Mitt Romney continued his efforts to position himself as the anti-union guy in the GOP 2012 field (or maybe the others just don't think they need to prove it, I don't know), saying, at the Sept. 5 American Principles Project Palmetto Freedom Forum:
“And the right course politically at this stage is to have states carry out their own right-to-work legislation. And as you know, right-to-work states, those 22, have created 3 million jobs over the last 10 years. The union states have lost about half a million jobs. So right to work is the way to go if you want good jobs.”
The Washington Post fact checks this, ultimately giving it a two Pinocchio rating:
Romney’s remarks appeared rooted in actual Labor Department data, even though he spouted some numbers that didn’t match his own analysis. Regardless, the former governor exaggerates the importance of these statistics, and he fails to acknowledge that factors other than labor laws play a role in determining job growth.
The fact check is solid as far as it goes, offering a couple of good rebuttals to Romney's claims about job creation, countering not that RtW states have worse job creation, but that labor law is neither the only nor the decisive factor in job creation.
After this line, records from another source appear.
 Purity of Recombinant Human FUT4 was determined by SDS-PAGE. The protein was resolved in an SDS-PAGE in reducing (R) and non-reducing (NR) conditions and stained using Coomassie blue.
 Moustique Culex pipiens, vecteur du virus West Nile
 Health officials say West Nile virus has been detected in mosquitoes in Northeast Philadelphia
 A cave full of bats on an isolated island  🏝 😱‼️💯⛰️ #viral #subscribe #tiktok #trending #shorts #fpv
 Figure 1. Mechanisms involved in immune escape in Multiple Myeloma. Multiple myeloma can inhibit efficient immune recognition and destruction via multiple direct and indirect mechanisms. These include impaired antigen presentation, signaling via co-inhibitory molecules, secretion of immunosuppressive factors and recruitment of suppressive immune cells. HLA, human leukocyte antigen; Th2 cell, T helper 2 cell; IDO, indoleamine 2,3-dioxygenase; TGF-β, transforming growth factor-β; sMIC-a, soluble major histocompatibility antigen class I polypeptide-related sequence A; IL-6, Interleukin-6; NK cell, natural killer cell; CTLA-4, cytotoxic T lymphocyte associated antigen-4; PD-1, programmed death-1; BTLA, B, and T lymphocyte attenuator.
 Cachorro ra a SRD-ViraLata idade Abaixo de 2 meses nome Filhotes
For instance, it cites the Oklahoma example—manufacturing jobs in that state peaked the year before it passed RtW—and the fact that Alaska and Texas, both with oil, one heavily unionized and one RtW, have had roughly the same employment increase over the past 10 years.
But how far it goes pretty much stops with Romney's claims about job creation. There are some passing references to the lower-quality jobs found in RtW states, but it doesn't actually include Romney's claim that RtW leads to "good jobs" in the fact check. But that's worth taking a look at, because the idea that there are jobs and then there are good jobs is an important one.
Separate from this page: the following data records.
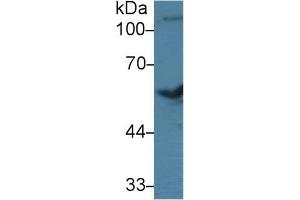 Detection of BMP7 in Bovine Cerebrum lysate using Polyclonal Antibody to Bone Morphogenetic Protein 7 (BMP7) (BMP7 抗体  (AA 123-393))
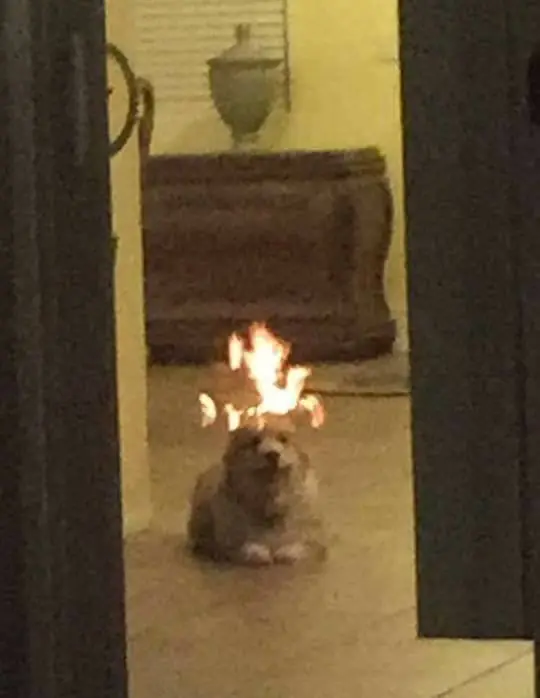 Imágenes de humor nocturno Parte- 94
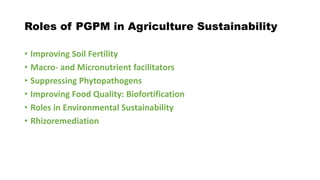 Roles of PGPM in Agriculture Sustainability
• Improving Soil Fertility
• Macro- and Micronutrient facilitators
• Suppressing Phytopathogens
• Improving Food Quality: Biofortification
• Roles in Environmental Sustainability
• Rhizoremediation
 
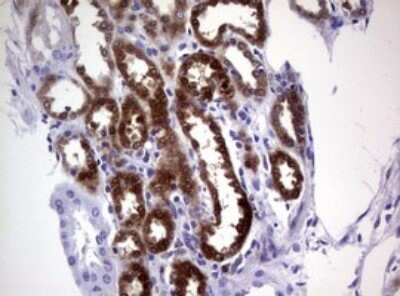 Immunohistochemistry: Glutathione S-Transferase pi 1/GSTP1 Antibody (OTI4B6) - Azide and BSA Free [NBP2-70857] - Analysis of Human Kidney tissue. (Heat-induced epitope retrieval by 10mM citric buffer, pH6.0, 120C for 3min)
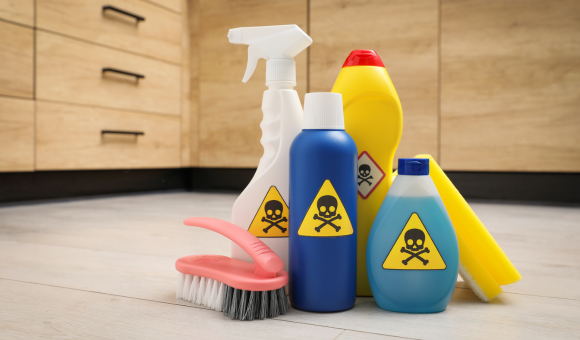 How Everyday Toxins Disrupt Hormones and Immunity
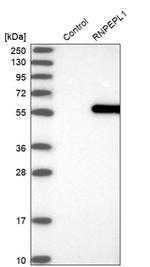 RNPEPL1 Antibody in Western Blot (WB)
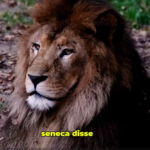 Eu vou editar seu Reels ou TikTok com Legenda Viral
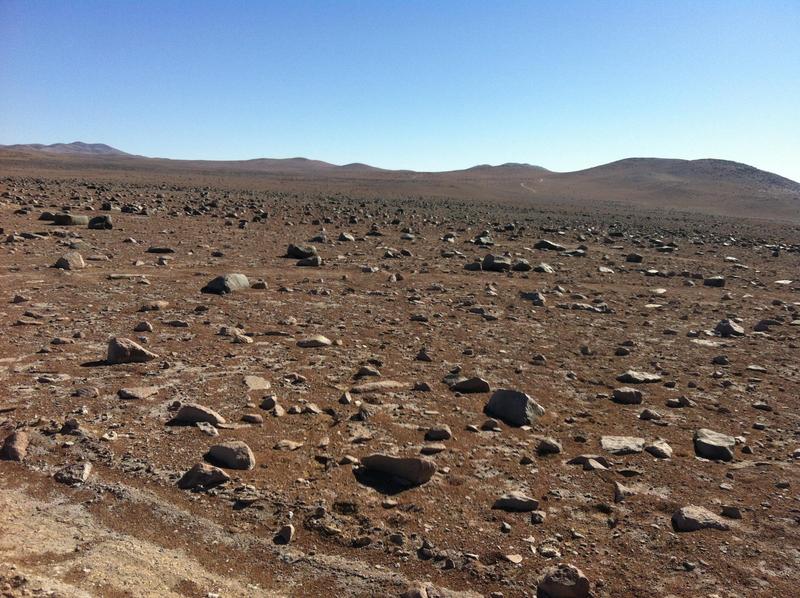 Microbes and viruses: Prof. Alexander Probst's international team took samples from under these rocks in the Atacama Desert.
An EPI study actually linked in the fact check found that, controlling for worker race and education levels as well as state-level factors like cost of living and unemployment:
- Wages are 3.2 percent lower in RtW states.
- "The rate of employer-sponsored health insurance (ESI) is 2.6 percentage points lower in RTW states compared with non-RTW...If workers in non-RTW states were to receive ESI at this lower rate, 2 million fewer workers nationally would be covered."
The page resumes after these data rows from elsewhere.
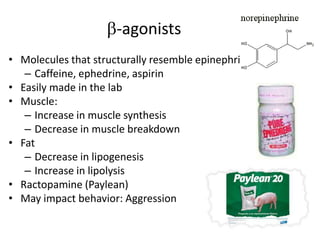 -agonists
• Molecules that structurally resemble epinephrine
– Caffeine, ephedrine, aspirin
• Easily made in the lab
• Muscle:
– Increase in muscle synthesis
– Decrease in muscle breakdown
• Fat
– Decrease in lipogenesis
– Increase in lipolysis
• Ractopamine (Paylean)
• May impact behavior: Aggression
 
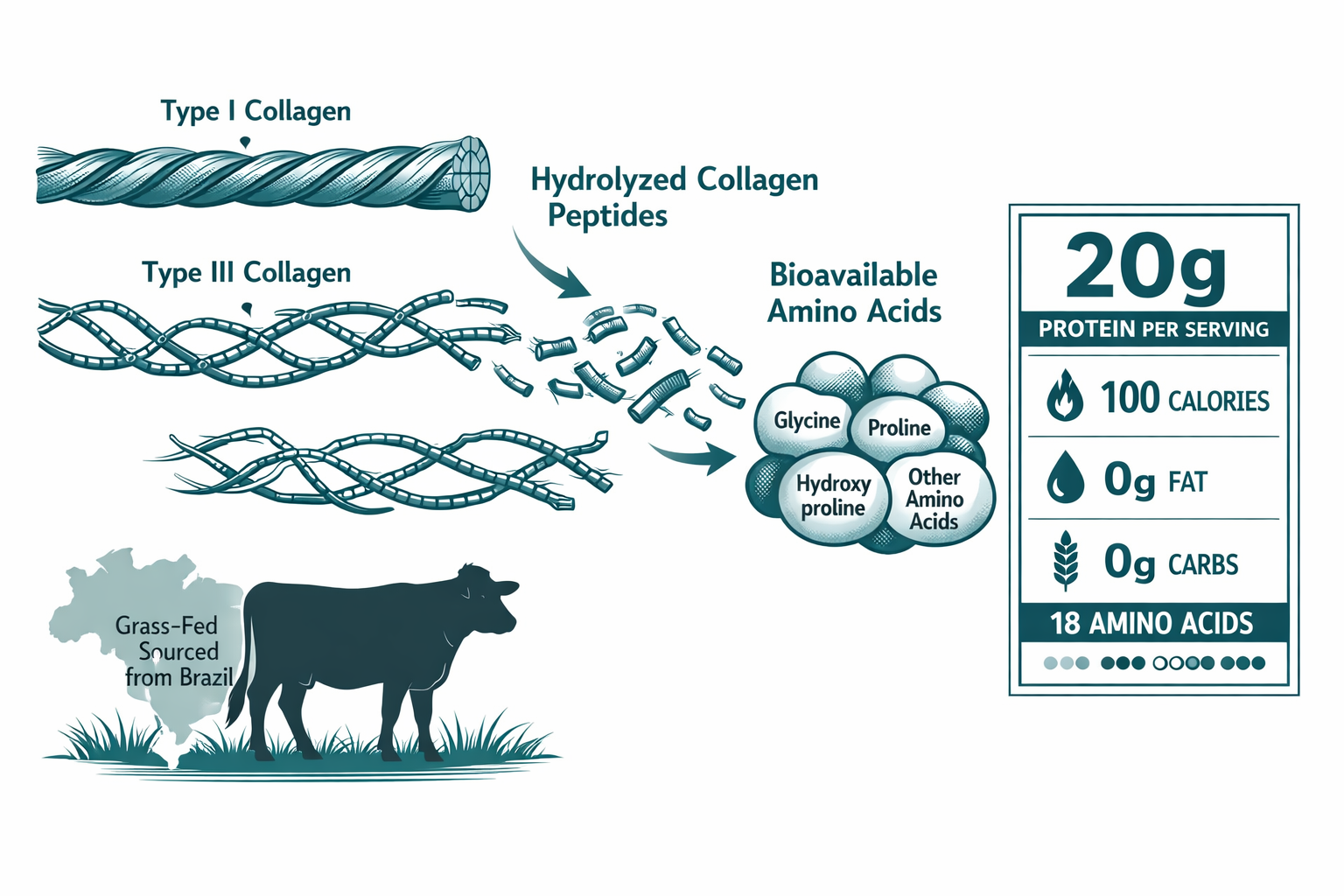 Detailed () editorial illustration showing a cross-section molecular diagram of hydrolyzed collagen peptide chains breaking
- "The rate of employer-sponsored pensions is 4.8 percentage points lower in RTW states."
People who are "unemployed" in the way Mitt Romney is—who started out wealthy and are now so wealthy they will never have to work again—may not have to worry about things like lower wages or lower chance of having health care or a pension. But that doesn't mean they can't care. It's just that Mitt Romney doesn't, at least not if caring might get between him and the Republican presidential nomination.